RECORDS TO PROCESS: Begin
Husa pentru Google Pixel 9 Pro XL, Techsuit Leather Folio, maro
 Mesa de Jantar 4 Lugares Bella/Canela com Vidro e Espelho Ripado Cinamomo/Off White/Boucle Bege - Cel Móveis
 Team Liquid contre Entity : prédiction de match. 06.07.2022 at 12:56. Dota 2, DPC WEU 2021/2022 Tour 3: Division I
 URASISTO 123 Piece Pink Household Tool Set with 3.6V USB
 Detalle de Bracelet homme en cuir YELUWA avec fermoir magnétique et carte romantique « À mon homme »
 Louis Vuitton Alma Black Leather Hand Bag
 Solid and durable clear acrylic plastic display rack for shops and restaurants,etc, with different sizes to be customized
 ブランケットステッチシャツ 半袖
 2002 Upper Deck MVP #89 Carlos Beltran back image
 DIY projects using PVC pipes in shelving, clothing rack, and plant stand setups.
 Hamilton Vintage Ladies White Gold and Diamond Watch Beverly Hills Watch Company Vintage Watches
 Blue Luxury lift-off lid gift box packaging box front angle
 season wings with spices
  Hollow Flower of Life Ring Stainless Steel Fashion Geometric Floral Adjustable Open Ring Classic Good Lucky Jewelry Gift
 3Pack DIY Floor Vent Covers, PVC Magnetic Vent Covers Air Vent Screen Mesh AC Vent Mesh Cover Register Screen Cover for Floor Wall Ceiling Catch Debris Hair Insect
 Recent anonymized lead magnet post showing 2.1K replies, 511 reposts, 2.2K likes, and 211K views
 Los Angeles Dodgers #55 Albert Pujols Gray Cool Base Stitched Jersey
RECORDS TO PROCESS: End
* WHAT YOU SHOULD DO
Look over the listing and return each line that holds "White".

* SOLUTION TO THE EXERCISE
 Mesa de Jantar 4 Lugares Bella/Canela com Vidro e Espelho Ripado Cinamomo/Off White/Boucle Bege - Cel Móveis
 Hamilton Vintage Ladies White Gold and Diamond Watch Beverly Hills Watch Company Vintage Watches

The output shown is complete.